Já em território nacional, mesmo que o país estivesse experienciando os primórdios do Cinema Novo, isso não significa dizer que O Pagador de Promessas fez parte deste movimento, que só veio deslanchar, de acordo com estudiosos do assunto, em 1963, com o filme Vidas Secas. Pelo que andei lendo, foi o oposto, havendo até um certo embate entre os realizadores que faziam parte desta leva borbulhante de cineastas com o sucesso que O Pagador de Promessas havia atingido. Glauber Rocha que o diga. Reza a lenda, ou melhor, de acordo com livro “Adeus cinema, vida e obra de Anselmo Duarte” (de Oséas Singh Júnior, editora Massao), o próprio diretor de Deus e o Diabo na Terra do Sol, falou para Duarte: “o pessoal do Rio ainda não entendeu como foi possível você vencer em Cannes, derrotar o mestre Buñel.” Bem, de fato, Anselmo não venceu somente Luis Buñel, mas também Agnes Varda e Federico Fellini, por exemplo. Por outro lado, Anselmo Duarte também chegou a alfinetar a estética dos cinemanovistas, que na verdade, usavam de sua técnica revolucionária para documentar e criticar a realidade, se opondo as produções cinematográficas que reinavam no Brasil à época, dentre elas, O Pagador de Promessas, ao que parece.
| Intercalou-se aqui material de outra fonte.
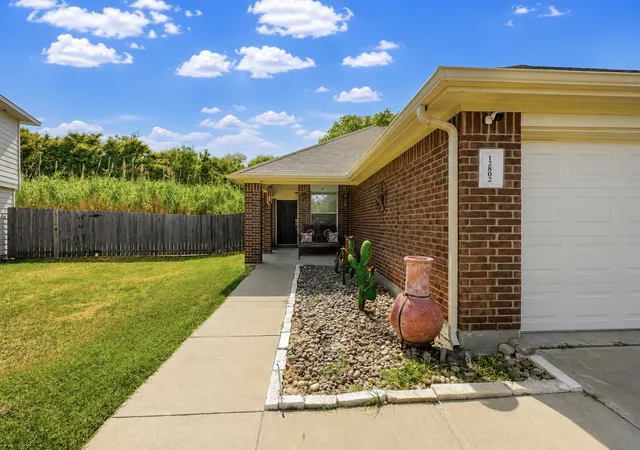 Photo 2 of Single family home for sale at 12802 Kyla Jean Ct, Dallas, TX 75253 | MLS# 21361038 | Listing updated on 2026-08-28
Com críticas, ou sem críticas, parte do Cinema Novo ou não, O Pagador de Promessas acabou sendo reconhecido pela Academia de Artes e Ciências Cinematográficas, durante a 35ª edição do Oscar. O ano era 1963, quando o longa brasileiro foi o primeiro filme da América do Sul a ser indicado a Melhor Filme Internacional e o primeiro do Brasil a concorrer a esta estatueta. Convidado a participar da cerimônia, o diretor Anselmo Duarte recusou, pois não gostou da mudança no título do filme que virou “The Given Word”, em terras de Tio Sam. Mas francamente, não perdeu nada não comparecendo a premiação da Academia, afinal de contas, a história de Zé do Burro, acabou não tendo a mesma sorte que em Cannes, e o prêmio foi para o filme Sempre aos Domingos, do cineasta francês Serge Bourguignon. Depois de O Pagador de Promessas, somente três outras produções brasileiras voltaram a concorrer a esta categoria: O Quatrilho (1996), de Fábio Barreto (1957-2019); O Que É Isso, Companheiro? (1998), de Bruno Barreto; e Central do Brasil (1999), de Walter Salles.
A questão agora é: se você ainda não assistiu a este clássico (e ainda por cima, aniversariante do mês, pois teve lançamento internacional em 17 de abril de 1962), espero que depois de ficar sabendo de todos esses detalhes, você procure pela história do nosso herói Zé do Burro, pelos YouTubes da vida (o filme está disponível por lá). Depois de assistir, provavelmente você vai concordar comigo em afirmar que mais vale uma Palma de Ouro ganha, do que um Oscar perdido.